It takes meticulous planning to ensure meetings run smoothly and yield excellent results. Especially ones that involve large groups of people. Use this checklist for key meeting planning tips to help keep every meeting on track and to help make each encounter successful.
Set the agenda
This is usually the easy part for most types of meetings. The agenda for the meeting leads up to the goal you want to achieve. For instance, if the aim is to cut operating costs, the agenda should include various points of discussion to help save money. Consult the key players at this stage of planning so that the agenda is as specific as possible.
Who will attend?
Those who meet these criteria have important insights that can influence the outcome of a meeting.
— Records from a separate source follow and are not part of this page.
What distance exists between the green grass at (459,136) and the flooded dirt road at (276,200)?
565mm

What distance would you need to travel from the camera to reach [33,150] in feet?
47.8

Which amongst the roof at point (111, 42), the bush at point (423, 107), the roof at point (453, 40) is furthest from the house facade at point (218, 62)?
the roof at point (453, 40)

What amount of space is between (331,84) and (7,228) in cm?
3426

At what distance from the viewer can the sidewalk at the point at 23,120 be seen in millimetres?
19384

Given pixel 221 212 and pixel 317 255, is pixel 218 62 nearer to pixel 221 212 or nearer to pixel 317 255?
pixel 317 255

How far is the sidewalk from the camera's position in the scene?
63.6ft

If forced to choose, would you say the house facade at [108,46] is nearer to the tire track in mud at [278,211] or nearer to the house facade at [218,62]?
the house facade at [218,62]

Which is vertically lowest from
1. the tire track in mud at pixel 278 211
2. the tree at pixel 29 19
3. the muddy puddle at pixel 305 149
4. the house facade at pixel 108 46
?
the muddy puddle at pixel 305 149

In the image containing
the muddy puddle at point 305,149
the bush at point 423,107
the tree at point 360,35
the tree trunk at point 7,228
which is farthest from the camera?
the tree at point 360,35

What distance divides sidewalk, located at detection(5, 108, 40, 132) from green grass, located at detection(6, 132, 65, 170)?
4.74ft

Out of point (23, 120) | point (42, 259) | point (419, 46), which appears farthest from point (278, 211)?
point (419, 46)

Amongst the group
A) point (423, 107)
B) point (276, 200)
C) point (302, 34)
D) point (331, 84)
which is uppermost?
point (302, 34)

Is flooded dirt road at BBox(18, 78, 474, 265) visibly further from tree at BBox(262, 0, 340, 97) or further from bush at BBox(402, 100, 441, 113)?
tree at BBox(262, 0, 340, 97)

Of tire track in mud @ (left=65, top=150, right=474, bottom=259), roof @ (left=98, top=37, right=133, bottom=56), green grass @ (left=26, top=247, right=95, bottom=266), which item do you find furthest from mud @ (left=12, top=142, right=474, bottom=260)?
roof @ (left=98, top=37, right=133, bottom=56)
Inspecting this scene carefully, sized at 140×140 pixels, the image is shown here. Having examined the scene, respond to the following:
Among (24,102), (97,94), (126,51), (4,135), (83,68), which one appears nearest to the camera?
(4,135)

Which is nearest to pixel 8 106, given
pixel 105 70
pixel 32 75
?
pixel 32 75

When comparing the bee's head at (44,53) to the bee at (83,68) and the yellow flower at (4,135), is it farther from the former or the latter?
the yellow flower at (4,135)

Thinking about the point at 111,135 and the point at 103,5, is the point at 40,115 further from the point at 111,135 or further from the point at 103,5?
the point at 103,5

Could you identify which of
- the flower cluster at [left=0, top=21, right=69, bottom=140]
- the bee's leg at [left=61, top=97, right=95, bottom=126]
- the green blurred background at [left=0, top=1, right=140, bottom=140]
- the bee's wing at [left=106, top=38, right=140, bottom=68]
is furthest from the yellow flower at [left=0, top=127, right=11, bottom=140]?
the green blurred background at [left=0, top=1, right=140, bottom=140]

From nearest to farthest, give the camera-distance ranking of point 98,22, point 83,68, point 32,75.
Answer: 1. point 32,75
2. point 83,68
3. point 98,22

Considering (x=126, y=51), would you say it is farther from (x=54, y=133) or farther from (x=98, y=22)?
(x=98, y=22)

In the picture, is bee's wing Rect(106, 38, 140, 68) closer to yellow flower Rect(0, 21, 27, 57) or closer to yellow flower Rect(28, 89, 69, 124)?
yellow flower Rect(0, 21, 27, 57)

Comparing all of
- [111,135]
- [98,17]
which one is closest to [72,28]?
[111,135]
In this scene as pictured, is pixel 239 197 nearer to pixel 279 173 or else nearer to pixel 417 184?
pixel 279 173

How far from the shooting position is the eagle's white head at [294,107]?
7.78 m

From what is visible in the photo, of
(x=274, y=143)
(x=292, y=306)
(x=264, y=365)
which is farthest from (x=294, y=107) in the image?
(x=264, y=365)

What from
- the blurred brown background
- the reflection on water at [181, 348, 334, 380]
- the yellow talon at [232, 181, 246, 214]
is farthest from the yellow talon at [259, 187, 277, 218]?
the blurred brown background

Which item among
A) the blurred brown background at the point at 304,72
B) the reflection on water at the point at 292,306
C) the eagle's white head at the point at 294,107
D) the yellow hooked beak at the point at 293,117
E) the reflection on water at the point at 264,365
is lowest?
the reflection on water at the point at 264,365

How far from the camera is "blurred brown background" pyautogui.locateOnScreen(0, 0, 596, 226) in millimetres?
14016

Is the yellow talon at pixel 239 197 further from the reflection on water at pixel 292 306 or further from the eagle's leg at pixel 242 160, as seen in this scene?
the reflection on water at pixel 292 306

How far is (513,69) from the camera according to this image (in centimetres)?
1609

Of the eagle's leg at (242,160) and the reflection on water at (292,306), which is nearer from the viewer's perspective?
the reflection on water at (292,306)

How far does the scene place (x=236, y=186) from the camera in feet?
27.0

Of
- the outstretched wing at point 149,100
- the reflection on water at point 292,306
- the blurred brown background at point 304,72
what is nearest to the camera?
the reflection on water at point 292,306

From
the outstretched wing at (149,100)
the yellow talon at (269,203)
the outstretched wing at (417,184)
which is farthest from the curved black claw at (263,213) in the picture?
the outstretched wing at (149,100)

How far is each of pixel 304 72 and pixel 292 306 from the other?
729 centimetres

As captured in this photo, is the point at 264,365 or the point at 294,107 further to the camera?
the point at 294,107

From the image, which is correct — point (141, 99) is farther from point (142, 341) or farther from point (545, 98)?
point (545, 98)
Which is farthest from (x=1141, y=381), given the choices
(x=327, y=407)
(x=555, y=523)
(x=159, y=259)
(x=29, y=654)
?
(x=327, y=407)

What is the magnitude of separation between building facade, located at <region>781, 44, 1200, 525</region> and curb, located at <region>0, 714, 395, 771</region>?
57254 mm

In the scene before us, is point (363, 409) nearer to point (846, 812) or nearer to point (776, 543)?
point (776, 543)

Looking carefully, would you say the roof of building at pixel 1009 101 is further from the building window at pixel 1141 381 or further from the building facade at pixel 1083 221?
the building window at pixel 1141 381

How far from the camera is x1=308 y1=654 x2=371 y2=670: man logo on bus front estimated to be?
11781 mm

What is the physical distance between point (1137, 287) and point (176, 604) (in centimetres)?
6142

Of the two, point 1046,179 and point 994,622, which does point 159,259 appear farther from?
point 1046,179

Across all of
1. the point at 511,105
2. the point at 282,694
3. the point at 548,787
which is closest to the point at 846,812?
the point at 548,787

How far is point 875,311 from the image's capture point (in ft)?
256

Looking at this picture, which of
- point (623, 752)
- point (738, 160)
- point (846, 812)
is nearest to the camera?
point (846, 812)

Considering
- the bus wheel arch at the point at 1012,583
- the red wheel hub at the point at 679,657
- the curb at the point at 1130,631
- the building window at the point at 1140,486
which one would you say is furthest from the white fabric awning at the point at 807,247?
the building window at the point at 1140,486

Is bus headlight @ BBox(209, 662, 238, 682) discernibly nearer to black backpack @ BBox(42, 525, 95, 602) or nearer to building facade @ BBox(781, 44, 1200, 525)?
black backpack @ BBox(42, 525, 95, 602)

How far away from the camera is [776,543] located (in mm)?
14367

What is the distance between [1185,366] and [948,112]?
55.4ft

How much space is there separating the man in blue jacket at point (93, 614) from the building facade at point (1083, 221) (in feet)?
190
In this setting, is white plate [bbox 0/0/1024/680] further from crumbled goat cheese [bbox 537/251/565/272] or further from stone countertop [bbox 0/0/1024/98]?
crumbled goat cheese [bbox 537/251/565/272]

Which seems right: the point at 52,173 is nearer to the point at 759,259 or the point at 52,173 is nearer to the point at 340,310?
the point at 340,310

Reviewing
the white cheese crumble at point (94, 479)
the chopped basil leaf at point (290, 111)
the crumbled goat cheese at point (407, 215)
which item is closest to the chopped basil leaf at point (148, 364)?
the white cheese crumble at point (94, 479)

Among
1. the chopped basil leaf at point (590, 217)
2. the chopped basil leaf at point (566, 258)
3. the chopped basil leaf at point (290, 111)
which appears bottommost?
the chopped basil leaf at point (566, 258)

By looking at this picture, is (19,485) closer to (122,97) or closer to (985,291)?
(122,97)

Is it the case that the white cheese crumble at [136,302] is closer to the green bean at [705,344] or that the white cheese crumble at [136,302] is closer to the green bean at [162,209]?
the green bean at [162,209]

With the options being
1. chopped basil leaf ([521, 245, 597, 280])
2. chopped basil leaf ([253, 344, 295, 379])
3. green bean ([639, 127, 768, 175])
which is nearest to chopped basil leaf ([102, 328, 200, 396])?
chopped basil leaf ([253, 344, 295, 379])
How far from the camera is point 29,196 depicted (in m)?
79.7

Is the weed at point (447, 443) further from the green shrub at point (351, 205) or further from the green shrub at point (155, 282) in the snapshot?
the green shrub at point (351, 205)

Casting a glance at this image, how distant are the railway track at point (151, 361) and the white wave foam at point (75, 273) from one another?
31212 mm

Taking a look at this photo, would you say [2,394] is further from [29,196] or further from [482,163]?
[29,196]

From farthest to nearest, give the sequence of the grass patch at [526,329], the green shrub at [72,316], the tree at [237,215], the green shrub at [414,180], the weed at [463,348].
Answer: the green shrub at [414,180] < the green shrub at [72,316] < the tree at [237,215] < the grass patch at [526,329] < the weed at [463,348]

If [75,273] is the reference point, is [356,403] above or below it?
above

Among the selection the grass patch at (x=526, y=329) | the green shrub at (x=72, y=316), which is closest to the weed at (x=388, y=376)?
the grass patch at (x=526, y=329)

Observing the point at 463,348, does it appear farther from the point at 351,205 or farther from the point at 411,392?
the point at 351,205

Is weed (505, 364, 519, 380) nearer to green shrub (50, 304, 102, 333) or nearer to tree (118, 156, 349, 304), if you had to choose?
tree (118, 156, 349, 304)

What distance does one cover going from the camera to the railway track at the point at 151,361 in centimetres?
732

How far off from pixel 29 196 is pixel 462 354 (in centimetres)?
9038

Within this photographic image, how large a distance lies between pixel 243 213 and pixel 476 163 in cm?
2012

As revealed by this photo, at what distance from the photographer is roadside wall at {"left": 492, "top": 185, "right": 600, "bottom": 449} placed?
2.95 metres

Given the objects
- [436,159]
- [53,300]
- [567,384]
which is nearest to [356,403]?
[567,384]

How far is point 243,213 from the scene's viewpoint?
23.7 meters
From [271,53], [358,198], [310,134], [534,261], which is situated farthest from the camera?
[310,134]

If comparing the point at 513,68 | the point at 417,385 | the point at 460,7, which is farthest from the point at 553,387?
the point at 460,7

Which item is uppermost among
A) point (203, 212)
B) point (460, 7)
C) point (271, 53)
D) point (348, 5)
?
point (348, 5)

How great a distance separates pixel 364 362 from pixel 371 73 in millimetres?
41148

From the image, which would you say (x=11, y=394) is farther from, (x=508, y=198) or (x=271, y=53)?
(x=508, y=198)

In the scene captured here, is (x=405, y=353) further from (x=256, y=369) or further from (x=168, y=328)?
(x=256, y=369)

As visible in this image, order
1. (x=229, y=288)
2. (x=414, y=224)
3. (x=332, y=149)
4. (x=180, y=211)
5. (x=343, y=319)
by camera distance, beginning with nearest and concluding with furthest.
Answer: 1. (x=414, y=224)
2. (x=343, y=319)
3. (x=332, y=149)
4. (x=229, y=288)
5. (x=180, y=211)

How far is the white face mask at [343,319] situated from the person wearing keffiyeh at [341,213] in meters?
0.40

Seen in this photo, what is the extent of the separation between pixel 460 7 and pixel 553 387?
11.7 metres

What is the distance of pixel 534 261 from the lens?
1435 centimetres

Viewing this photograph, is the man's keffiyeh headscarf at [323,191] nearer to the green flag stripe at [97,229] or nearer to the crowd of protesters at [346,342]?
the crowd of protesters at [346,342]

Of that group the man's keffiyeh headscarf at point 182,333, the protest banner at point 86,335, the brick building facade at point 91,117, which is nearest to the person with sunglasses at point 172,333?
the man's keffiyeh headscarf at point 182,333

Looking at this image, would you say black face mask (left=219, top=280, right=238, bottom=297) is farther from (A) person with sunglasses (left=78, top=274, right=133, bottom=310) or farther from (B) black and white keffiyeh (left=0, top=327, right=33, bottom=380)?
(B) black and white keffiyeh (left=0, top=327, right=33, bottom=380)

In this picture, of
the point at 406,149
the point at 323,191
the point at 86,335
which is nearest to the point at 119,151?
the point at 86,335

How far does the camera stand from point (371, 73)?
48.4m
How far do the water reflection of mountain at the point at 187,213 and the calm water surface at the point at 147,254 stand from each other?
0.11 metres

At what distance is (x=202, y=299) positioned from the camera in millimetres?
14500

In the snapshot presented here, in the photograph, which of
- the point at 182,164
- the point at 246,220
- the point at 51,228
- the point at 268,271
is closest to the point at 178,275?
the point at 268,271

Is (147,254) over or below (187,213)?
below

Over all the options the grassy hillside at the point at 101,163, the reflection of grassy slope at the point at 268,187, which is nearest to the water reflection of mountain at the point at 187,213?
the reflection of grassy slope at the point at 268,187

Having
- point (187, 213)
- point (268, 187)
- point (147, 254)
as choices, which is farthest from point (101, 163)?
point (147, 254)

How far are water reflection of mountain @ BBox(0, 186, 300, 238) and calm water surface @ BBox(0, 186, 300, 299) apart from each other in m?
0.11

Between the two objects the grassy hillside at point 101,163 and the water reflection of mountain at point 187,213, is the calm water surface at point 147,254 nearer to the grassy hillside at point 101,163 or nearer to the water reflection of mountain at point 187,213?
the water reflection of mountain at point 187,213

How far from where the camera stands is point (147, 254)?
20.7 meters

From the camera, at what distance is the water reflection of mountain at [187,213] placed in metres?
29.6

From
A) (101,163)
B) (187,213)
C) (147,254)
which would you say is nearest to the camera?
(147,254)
Attendees should be management and co workers who can influence the outcome of the meeting. This could include::
- Decision makers
- Subject experts
- Affected departments
Invite those who need to know about the topics under discussion and who can contribute ideas, suggestions and advice at the meeting. They will usually get contributions from their colleagues or juniors as they prepare for the meeting.
This relies on the budget allocation for and priorities of the meeting. If the company holds the event in a hotel or meeting facility, the service provider typically takes care of most logistical needs after getting information about the meeting.
If holding the meeting in company premises, find a venue for the meeting and ensure it has all the conference room furniture and equipment you need.
Meeting tips to keep in mind when working on logistics:
- Choose seating arrangements that suit the aim of the meeting, whether formal or informal
- Check breakroom supplies to ensure they suffice
- Organize for a back-up source of power if necessary
- Cater for groups such as vegetarians and people with dietary restrictions
- Ensure ventilation and air conditioning is in good condition
- Test equipment such as interactive whiteboards to ensure they work well
- Buy or order supplies several days before the meeting to prevent delays
- Print out or compile the relevant resources that attendees will need
Include refreshments, especially if the meeting will run for hours. Since you have the number of those who must attend, plan how to order snacks and food.
Assigning tasks and duties
Make everyone feel they are an integral part of the meeting by assigning roles. These can range from simple tasks such as time management to more demanding tasks like providing expert information. Other useful roles to delegate can include facilitators who lead the discussions and scribes to take notes.
Think about how the meeting will decide on outcomes. For instance, will attendees vote on the matter and how? Alternatively, how else will the meeting reach a decision?
Sending out invitations
When planning the date of the event, consult those who need to attend to get a suitable date. Then it’s time to send invitations that include information such as:
- Time, date, and duration
- How attendees can prepare
- Resources to help prepare
- The invitee’s role
- What to bring
Setting the tone
Besides the practical function invitations play, they have another important role. Tthey can help set the tone of the meeting, which in turn assists in ensuring the meeting achieves its objectives. They also provide an opportunity for the organizers to communicate their expectations.
Before sending invitations, it may be a good idea to call each person first and invite them verbally. This is an opportunity to get everyone interested in the meeting. Then send emails and calendars with relevant information. Include a RSVP button, and plan to send polite reminders about the occasion.
The day of the meeting
On the day of the meeting, these tips can help achieve objectives:
- Start on time
- Acknowledge attendees
- Keep the meeting focused
- Deliberate well before deciding
- Thank everyone for their contributions
Send a report about the meeting to attendees after the event, and detail the way forward according to what was decided.
No matter how well you plan for meetings, chances are that someone might raise a legitimate issue that calls for a separate forum. Ask such people to hold their concern for another time, but make notes about the issues. As soon as possible after the meeting, create a different forum to address the concerns. This way, your current meeting remains on track.